Many Radio Amateurs became licensed through courses run by Colchester Radio Amateurs. There have been many changes to the exam system over the years and CRA have maintained a high degree of excellence in training throughout.
The entry point for all newcomers into the hobby is via the Foundation licence, progressing on to Intermediate, culminating in the Full/Advanced licence. An introduction to each of these licences, as explained by the RSGB, is provided below.
The entry Level is the Foundation licence. This is a new licence that was introduced in January 2002. The Foundation licence is designed to get you involved in amateur radio as quickly as possible. But before you are allowed to transmit 'live' it is important that you know a little bit about how your radio works, the dangers of interfering with other radio users, how not to upset your neighbours or your parents (if you are a young person) and the rules and regulations of holding a radio transmitting licence.
How do you learn these new skills, by taking the Foundation licence training course, which is an integral part of of obtaining a Foundation licence.
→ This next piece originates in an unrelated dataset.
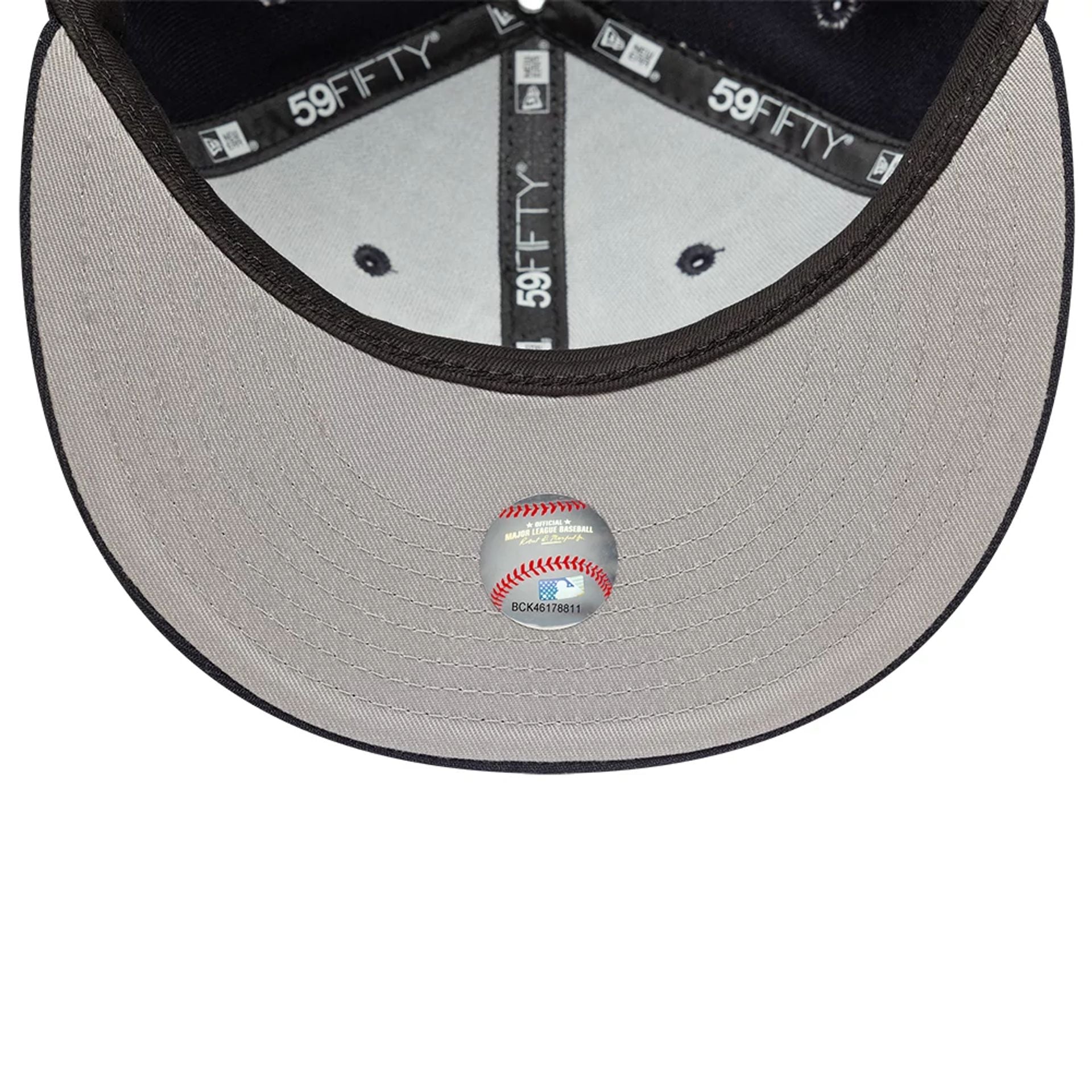 This is a New York Yankees Compound X MLB Navy 59FIFTY Fitted Cap 2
Most of the training is practical. There is a small amount of radio and electronics theory but only enough for you to appreciate things like using the correct fuses in your equipment and how to build an antenna to get the most out of your radio station.
Don't be afraid of the thought of having to undertake a training course. The courses are run in a friendly informal atmosphere by experienced radio amateurs. Courses take different formats. At CRA we do the Foundation as a Fast Track single day including the exam at the end. This requires that candidates do plenty of reading before the day, but all practicals and theory are covered on the day. Some clubs run the course over a weekend and some over a number of weeks. Once you have passed the exam you get your 'Pass' certificate and you are on your way! When you have been issued with your own individual M6 series callsign you will be able to operate on all bands without supervision but with a power restriction of 10 Watts. This is a fairly low level of power but with the experience you will quickly gain this will enable you to communicate around the world.
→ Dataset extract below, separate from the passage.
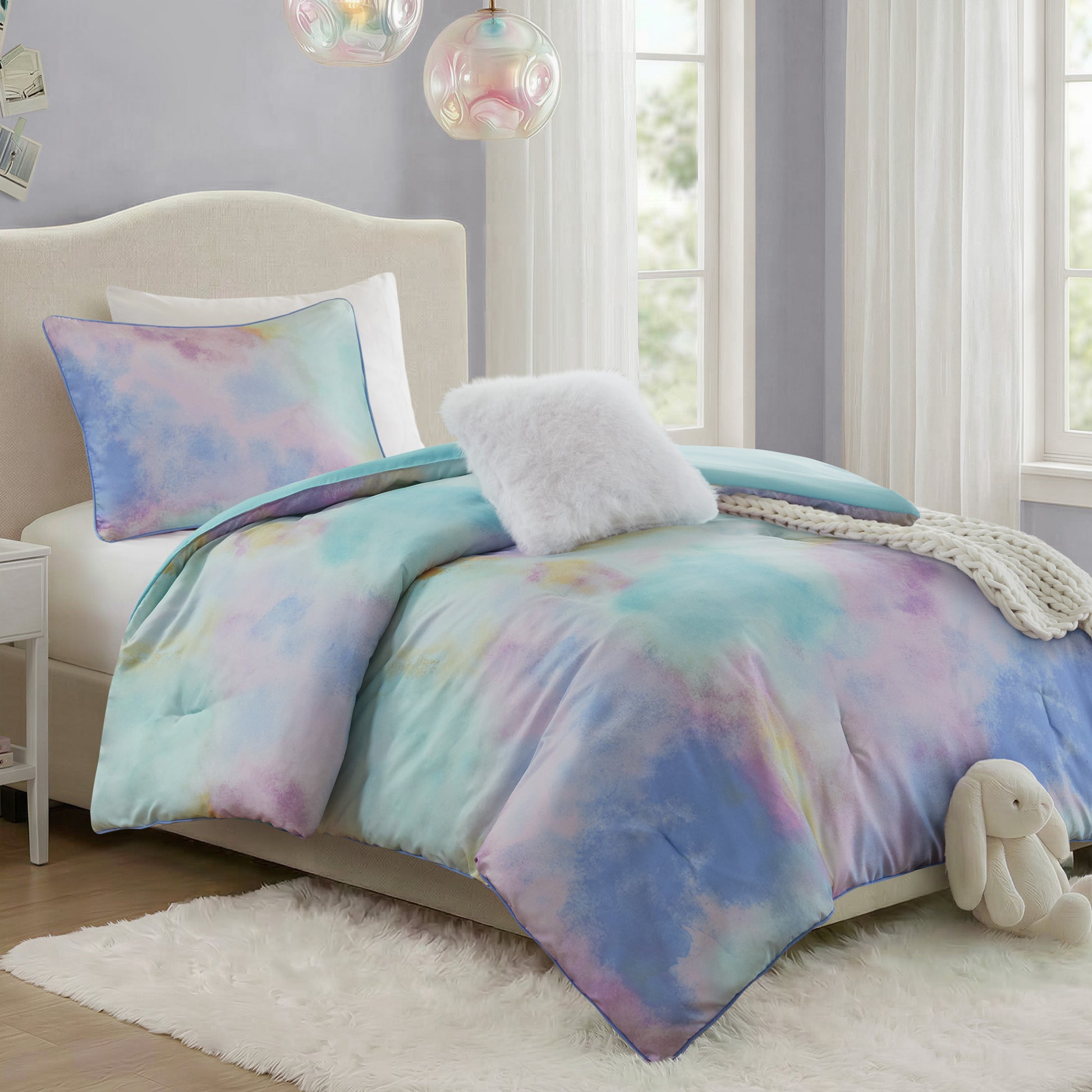 Cassiopeia Watercolor Tie-Dye Printed Comforter Set with Throw Pillow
All successful candidates taking a Foundation course with CRA receive one free year’s membership of the club
Once you have gained experience at the Foundation level we are sure you will want to take the next step up.
This is the Intermediate licence. The Intermediate licence gives access to the Intermediate frequency allocations within the amateur bands . The Permitted power levels are increased to 50 watts.
To obtain the Intermediate licence it is advisable to take a training course. This course is more substantial than the Foundation course and aims to teach many of the fundamentals of radio in a stimulating way by actually undertaking practical tasks such as soldering, building a small project and a variety of other exercises building on the experience you have gained as a Foundation licence holder.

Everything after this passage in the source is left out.